Kalispell, MT, August 18, 2017 --(PR.com
)-- When the total solar eclipse traces its path across North America on August 21, everyone in every state will be able to experience the event to some degree. Folks lucky enough to be within a certain 70 mile-wide swath will experience “totality,” complete coverage of the sun by the moon. Only one large city, Nashville, lies in that path, which means rural areas and small American towns from coast-to-coast are expecting throngs of visitors hoping to maximize their eclipse viewing time.
The festivities will be a boon to local economies, but also raise the specter of public safety issues. “Smaller communities simply don’t have the infrastructure or personnel to serve such rapidly-expanding populations, especially when there are interruptions in communications,” explains Ethan Petro of Nomad GCS, the Montana-based manufacturer of mobile command vehicles.
Hopkinsville, Kentucky (population 33,000), which will experience the longest period of eclipse totality, is expected to draw upwards of 200,000 out-of-towners. Along with its partners in the area, Nomad is bringing vital equipment and services to support the town. In fact, the company’s TCV (Tactical Command Vehicle) is The Official Command Vehicle of Eclipsville (the alias Hopkinsville has given itself for the event).
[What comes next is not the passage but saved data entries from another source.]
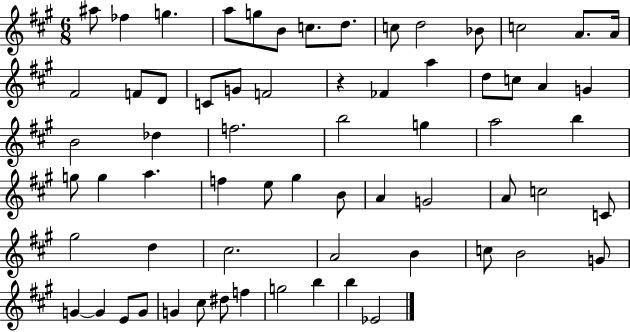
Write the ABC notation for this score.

X:1
T:Untitled
M:6/8
L:1/4
K:A
^a/2 _f g a/2 g/2 B/2 c/2 d/2 c/2 d2 _B/2 c2 A/2 A/4 ^F2 F/2 D/2 C/2 G/2 F2 z _F a d/2 c/2 A G B2 _d f2 b2 g a2 b g/2 g a f e/2 ^g B/2 A G2 A/2 c2 C/2 ^g2 d ^c2 A2 B c/2 B2 G/2 G G E/2 G/2 G ^c/2 ^d/2 f g2 b b _E2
“Nomad is pleased to contribute vehicle assets and personnel,” says Petro. “The TCV is uniquely equipped for just this kind of mission, where both communication and transportation arteries may become choked. It can travel off-pavement, deploy quickly, and essentially run the town’s critical operations from any location.”
It’s been 38 years since the United States experienced a total solar eclipse. With palpable excitement, Americans are readying for an unforgettable event. And first responders, government agencies, and communications professionals are gearing up to ensure it is also a safe one.